Maura and I went to see David Byrne last night at Starlight Theater for the fourth time — it was an amazing show, again. I’ve loved him since his Talking Heads days — ‘77 was my first album — I followed him when he started his solo career — I’ve loved his collaborations with other talented artists and musicians. He makes the mundane profound. My heart soared last night as we listened to each song — I was singing along and cheering the whole time. Because I am on a sort of sabbatical, I didn’t have the stress of the day to wash away, I was able to take in the music, the visuals, the crowd so much better. Live music is very much an escape from reality, a mini vacation, but it was less that for me yesterday, it was a different experience — I was much more present. I tend to get emotional at shows, but last night I was tearing up from the sheer joy of seeing David and his band celebrating life through music — they put themselves out there for the world to see. That kind of joy is contagious.


The Silver Death Cult

In high school I hung out with the geeks — misfits who were smart enough to be nerds, but most of us lacked the motivation. The one exception, a friend in physics class, was coding a fractal program on the one classroom computer while the rest of us suffered through the bad magic tricks and ukulele playing of a teacher desperate to keep our attention. He, myself, and another outcast friend were simply weird. We had similar senses of humor, quoting Monty Python and coming up with our own characters that would have been right at home on the show, often to very confused more mainstream classmates. We were all in band together where we were tolerated for our musical talents — I played tuba and sousaphone. I remember scratching off selected letters from a book we were reading in an English class “Giants in the Earth” by Ole Edvart Rølvaag to leave behind the revised title “ants in the Ear.” That one caught on with the whole class, much to the disappointment and frustration of the teacher.

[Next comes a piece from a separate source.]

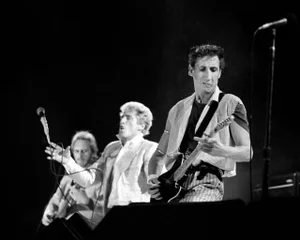 The Who Live on Stage Black and White Photograph Print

We were smart, bored, and didn’t really fit in anywhere. I don’t even remember how the “cult” got started, but we decided to create something for ourselves, a group where we did belong. We called it the Silver Death Cult, probably because it sounded both mysterious and slightly frightening. There were two rules for entry into the organization:

  • You had to stand on a young thistle plant (or devil weed as we called them — we HATED encountering them when mowing the lawn) for ten minutes without moving or flinching.
  • You had to acquire an “I AM LOVED” button from a local Kansas City jewelry store without being seen by a sales person, take it to school and scrape off the paint to reveal the silver surface beneath during class time. Then wear the button as your badge of honor.

We three were the only members as our efforts to recruit were met with confusion and revulsion. Looking back now, maybe that was the point of the requirements — we created something for us and only us — to keep the world out and a place where we belonged. If you remember us, you probably remember us wrong. We were stranger than you knew, and prouder of it than we let on.

Before anyone asks, I do still have that button, so many years later. Maybe I should start wearing it again. I think I’ll skip the thistle standing now though.